Figuur 20: Zoekresultaat
Verbinding verbreken of een verbinding verwijderen
Een verbinding kan worden verbroken of verwijderd wanneer deze niet wordt gebruikt of niet vereist is. Selecteer de verbinding (ORCLConnection, als voorbeeld) die moet worden verbroken in Bronnen (zie Afbeelding 21).
Figuur 21: Een verbinding selecteren
Klik met de rechtermuisknop op de verbinding en selecteer Verbinding verbreken , zoals weergegeven in Afbeelding 22, om de verbinding te verbreken.
Figuur 22: Verbinding verbreken
A Bestanden opslaan dialoogvenster wordt weergegeven om de verbindingsinstellingen op te slaan voordat de verbinding wordt verbroken. Klik op Ja om bestanden op te slaan en Nee om geen bestanden op te slaan en de verbinding wordt verbroken. Als u een verbinding wilt verwijderen, klikt u met de rechtermuisknop op een verbinding en selecteert u Verwijderen , zoals weergegeven in Afbeelding 23.
Figuur 23: Verwijderen
Een Verwijderbevestiging wordt weergegeven, zoals weergegeven in Afbeelding 24. Klik op Ja .

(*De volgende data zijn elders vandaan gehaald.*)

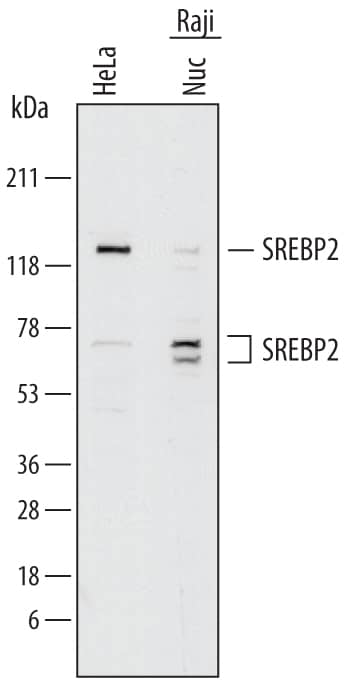 Western blot shows lysates of HeLa human cervical epithelial carcinoma cell line and Raji human Burkitt's lymphoma cell line. Gels were loaded with 15 µg of nuclear extracts (Nuc). PVDF membrane was probed with 2 µg/mL of Goat Anti-Human SREBP2 Antigen Affinity-purified Polyclonal Antibody (Catalog # AF7119) followed by HRP-conjugated Anti-Goat IgG Secondary Antibody (Catalog # HAF017). Specific bands were detected for SREBP2 at approximately 125 kDa and 60-70 kDa (as indicated). This experiment was conducted under reducing conditions and using Immunoblot Buffer Group 1.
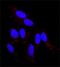 KGFR antibody, GTX10648, GeneTex, Immunofluorescence image 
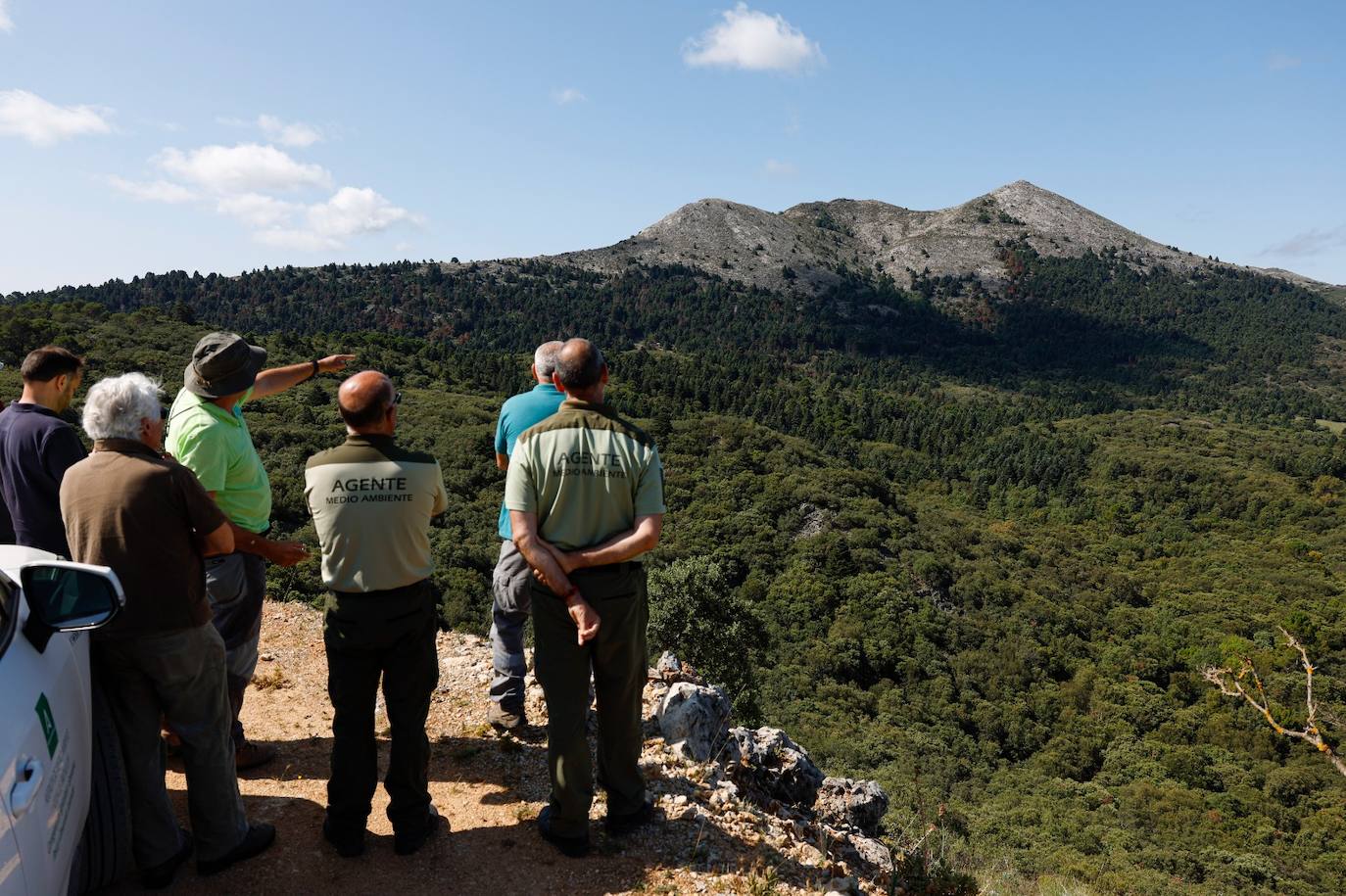 La situación de los pinsapos en la Sierra de las Nieves por la sequía, en imágenes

Figuur 24: Bevestiging verwijderen
De verbinding wordt verwijderd.
Een Oracle Database Cloud Service verwijderen
Om een Oracle Database Cloud Service-instantie te verwijderen, klikt u op het pictogram om een service-instantie te beheren en selecteert u Verwijderen , zoals weergegeven in Afbeelding 25.
Figuur 25: Verwijderen
Klik op Verwijderen in Service verwijderen dialoogvenster (zie Afbeelding 26).
Figuur 26: Dienst verwijderen
Het service-exemplaar begint te worden verwijderd, zoals weergegeven in Afbeelding 27. Op dezelfde manier kan het andere service-exemplaar worden verwijderd.
Figuur 27: Service-instantie verwijderen
Conclusie
In drie artikelen bespraken we het verbinden met een Oracle Database-service-instantie op Oracle Cloud Platform met Oracle JDeveloper 12c. Eerst hebben we de Oracle Database-service-instances gemaakt met behulp van elk van de Create Instance-opties:Quick Start-wizard en gedetailleerde wizard. Vervolgens hebben we de toegangsregels ingeschakeld om toegang tot de databaseservice-instanties toe te staan. Vervolgens hebben we de verbindingsparameters voor de databaseservice-instanties opgehaald uit de serviceconsole. Vervolgens hebben we verbinding gemaakt met Oracle Database-service-instanties op Oracle Cloud Platform met Oracle JDeveloper met behulp van Oracle SID en Oracle Service-naam. We gebruikten ook een SQL-werkblad om een databasetabel te maken en op te vragen.